Handwriting recognition in Intelligent Document Processing (IDP) has undergone some exciting developments. This is primarily due to the ability to amass large amounts of sample data along with deep learning neural networks as well as available computing power to crunch and make meaning out of all of it.
If your organization has tried handwriting recognition before (or maybe its “cousin” intelligent character recognition or ICR) and not had much success, you definitely should try it again if you have even 10% of your data in handwritten form. The reason is that the range of applications has expanded while the prerequisites for configuring systems has been significantly reduced.
For example, only a few years ago, the best applications for handwriting recognition where those that could be easily constrained. This means for data that has a limited number of values or formats so that recognizers could make decisions using this additional context. The reason context was necessary is that, unlike OCR, which works on easy-to-learn fonts, handwriting recognizers had to decipher millions of different human fonts rendering the range of answers almost meaningless.
Leveraging Deep Learning
Now with the ability to use a lot more sophisticated deep learning algorithms on cheap – yet powerful – computing platforms, we’re not far off from the ability to translate, with a high degree of accuracy, pages of handwriting without any pre-configuration.

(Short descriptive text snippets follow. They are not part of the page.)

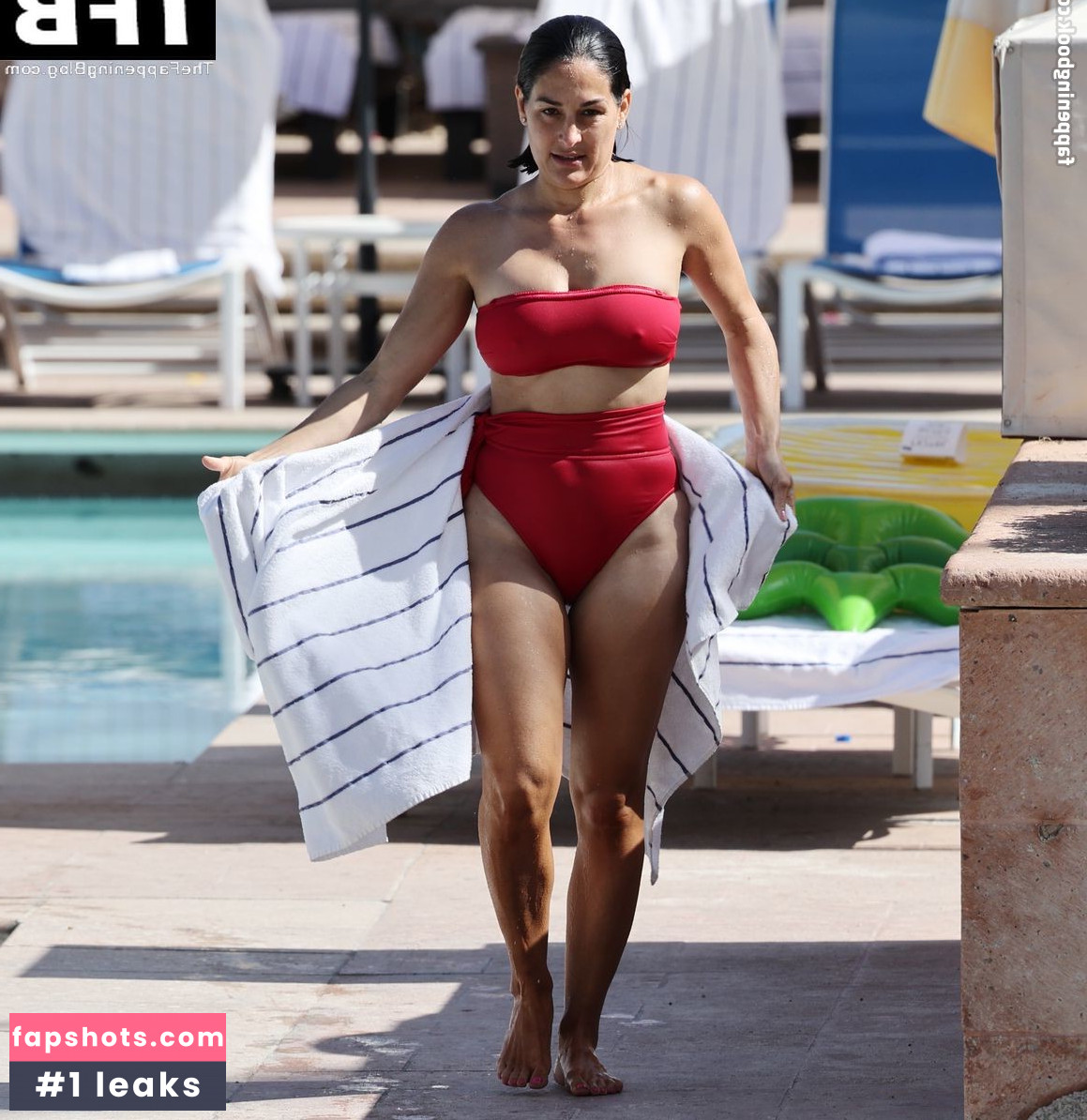 Nikki Bella Nude Leaks OnlyFans Photos #82 - LeakJerk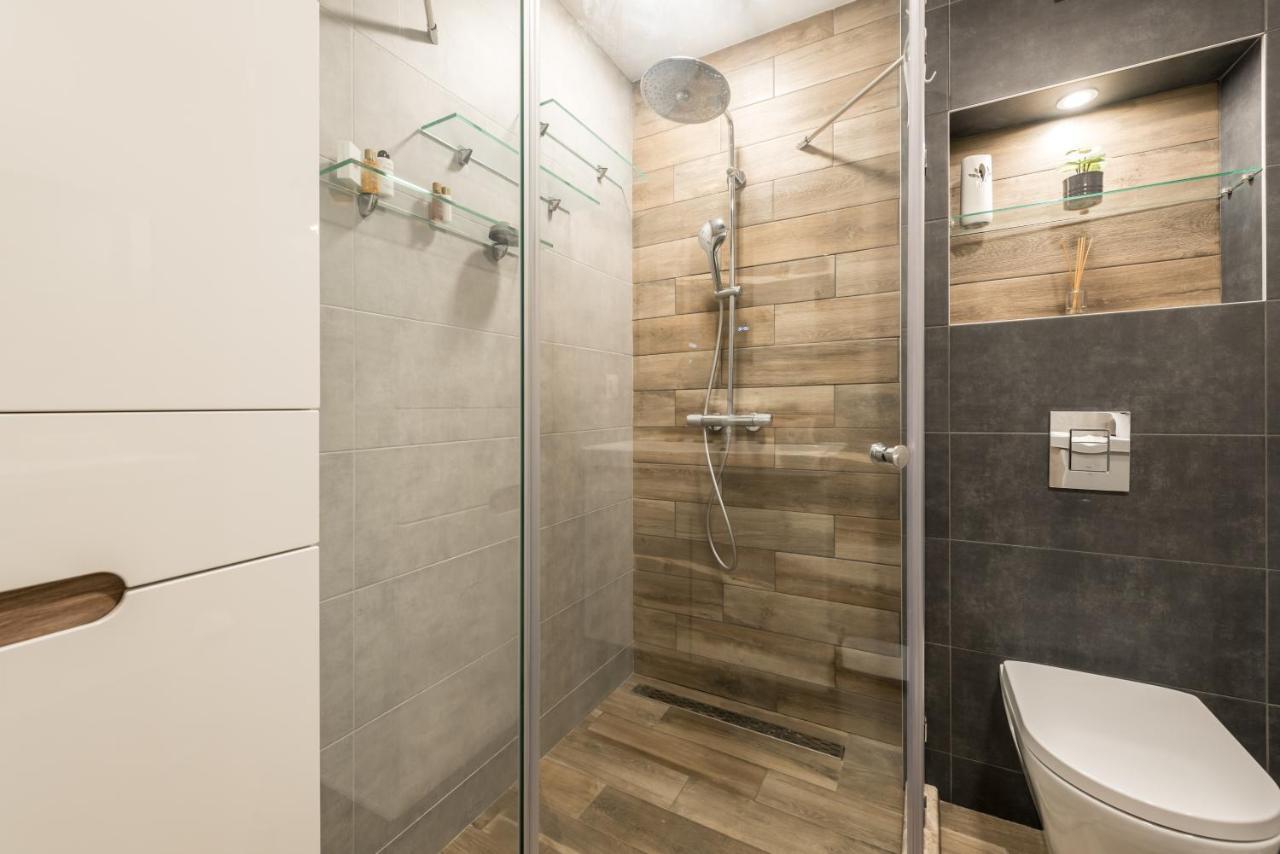 Apartment B - Lifestyle Holiday Saints Constantine and Helena Exteriér fotografie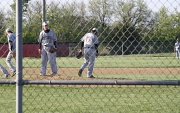 9th Apr 2012 - Pitcher's Mound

This sounds exciting, but how is it practically implemented within intelligent document processing? There aren’t that many applications that require access to literal transcriptions. Rather, organizations need to operate on specific structured data so that business applications can use it. Turning unstructured data into structured formats of specific information is the realm of IDP.

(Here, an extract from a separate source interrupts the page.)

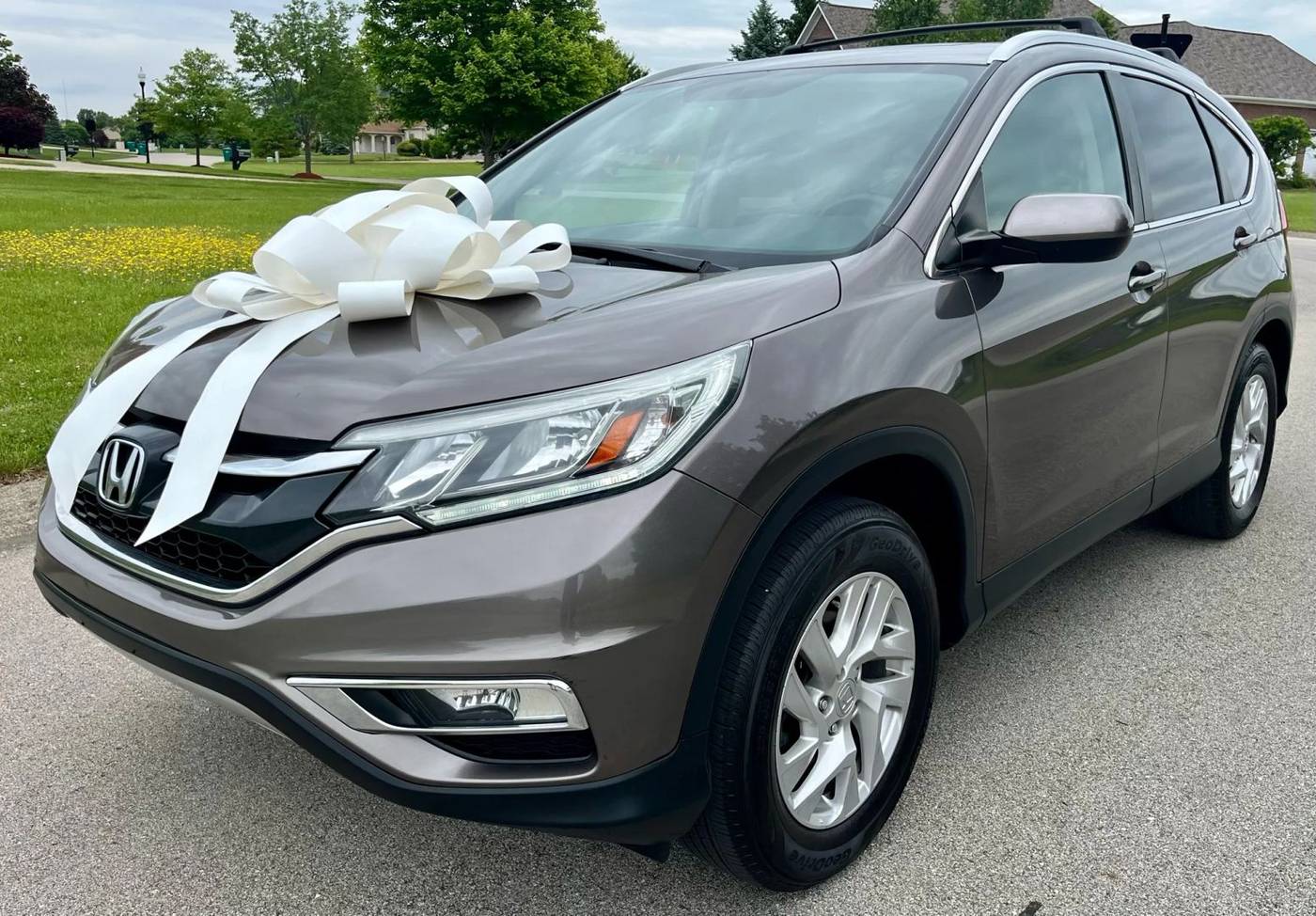 2015 Honda CR-V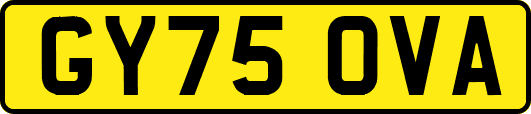 GY75OVA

The value of an IDP solution is primarily judged by one factor: the ability to convert as much unstructured data into structured information at a high degree of accuracy. For example, does plugging into Google cloud vision solve your problem? If you need access to structured information, the answer is almost 100% “no.”
Handwriting Recognition and Straight Through Processing
Is handwriting recognition, even highly accurate handwriting recognition, going to deliver significant amounts of straight through processing? That depends. It depends on whether you’re pulling-out data from structured forms, performing unstructured word-spotting, or trying to turn transcripts of handwritten text into some sort of meaning using natural language concepts.
The art of handwriting recognition within IDP, it turns out, is the same as the art of using text within IDP: a lot of consideration is required on what needs to be done to convert a transcript of handwriting or text into reliable, structured data.
While Parascript provides handwriting recognition that uses deep learning to provide accuracy levels better than anyone (even Google), we employ a lot of our expertise in the art of knowing where to look, how to convert that data into useful and usable structured information, and even how to create software that knows when it is correct and when to ask for assistance.
There is as much art to it as there is science. And using both, we deliver.